This myth is so embarrassingly falsifiable that the best approach to perpetuate it in public is to focus instead on the privacy of the matter. The popular pro-choice argument along these lines allows for the mother to decide if she is killing a tadpole or killing a human with the understanding that her private pressing desire to end her unwanted pregnancy as soon as possible will overshadow any excessive introspection.
There are of course more intellectually honest pro-choice arguments. What these more rigorous arguments for abortion rights all have in common is an acknowledgement of the humanity of the unborn. Their soundness lies on the truth value of their normative premises, thus they cannot be falsified. Of course that means they cannot be proven either.
There is the Lockean liberal approach best articulated by MIT Professor of Philosophy Judith Jarvis Thompson in her 1971 Philosophy and Public Affairs article titled A Defense of Abortion. Rejecting a duty to support others’ lives, her argument has become known as the “violinist defense” and can be read in its entirety here.

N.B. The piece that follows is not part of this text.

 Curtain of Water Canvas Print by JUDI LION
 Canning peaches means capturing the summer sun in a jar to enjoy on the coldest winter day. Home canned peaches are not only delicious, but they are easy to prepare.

There is also the far more influential Rousseauen progressive approach that identifies the asymmetry of responsibility among the two genders in childbirth as the central cause of inequality between men and women. By asserting a hierarchy of values that places the mother’s right to gender equality above her child’s right to life, this line of reasoning is quite congruent with many of the other historical applications of the writings of Jean Jacques Rousseau.

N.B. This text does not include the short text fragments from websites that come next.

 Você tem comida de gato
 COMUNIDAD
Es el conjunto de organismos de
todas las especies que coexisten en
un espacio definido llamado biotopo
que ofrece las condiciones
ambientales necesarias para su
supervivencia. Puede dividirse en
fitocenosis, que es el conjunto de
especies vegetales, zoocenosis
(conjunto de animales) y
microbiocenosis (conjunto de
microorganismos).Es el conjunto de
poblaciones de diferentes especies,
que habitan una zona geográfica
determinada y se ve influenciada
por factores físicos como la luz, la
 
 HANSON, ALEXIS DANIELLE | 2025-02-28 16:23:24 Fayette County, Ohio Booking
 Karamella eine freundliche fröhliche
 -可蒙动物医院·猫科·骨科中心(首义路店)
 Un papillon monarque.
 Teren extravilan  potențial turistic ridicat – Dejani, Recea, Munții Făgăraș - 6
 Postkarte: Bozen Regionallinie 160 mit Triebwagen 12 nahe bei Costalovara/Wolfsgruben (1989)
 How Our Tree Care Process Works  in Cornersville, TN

The best articulation of this form of radical feminism can be found in the reasoning of Justice Ruth Bader Ginsburg on why Roe v Wade was wrongly decided because she asserts the Equal Protection Clause of the 14th Amendment is the right of abortion’s true jurisprudential foundation, as she wrote with much pith in her dissent to the 2007 Gonzales v Carhart decision which affirmed the Partial Birth Abortion Ban Act of 2003:
Women, it is now acknowledged, have the talent, capacity, and right to participate equally in the economic and social life of the Nation. Their ability to realize their full potential … is intimately connected to their ability to control their reproductive lives. Thus, legal challenges to undue restrictions on abortion procedures do not seek to vindicate some generalized notion of privacy; rather, they center on a woman’s autonomy to determine her life’s course, and thus to enjoy equal citizenship stature.
It remains to be seen whether or not the broader public will buy this argument, but its popularization seems to be core to the mission of every university’s department of women’s studies. Warning in 1995 that the increased access to ultrasound technology threatened to undermine women’s support for their own abortion rights, the talented feminist writer Naomi Wolf argued in her canonical New Republic article Our Bodies our Souls for a pivot away from the rhetorically easy but factually challenged denial that abortion kills children. Young women need to be taught that their right to abortion is a right to kill, she argued, because killing is OK; we simply need to hone the ethical framework around when it should be allowed:
War is legal: it is sometimes even necessary. Letting the dying die in peace is often legal and sometimes even necessary. Abortion should be legal; it is sometimes even necessary. Sometimes the mother must be able to decide that the fetus, in its full humanity, must die. But it is never right or necessary to minimize the value of the lives involved or the sacrifice incurred in letting them go. Only if we uphold abortion rights within a matrix of individual conscience, atonement and responsibility can we both correct the logical and ethical absurdity in our position and consolidate the support of the center.
I’m not sure Joe and Joelina public, standing in the political center, will sign on to Wolf’s logic, but I salute OMSI for forcing the issue one way or the other with its very bold exhibit.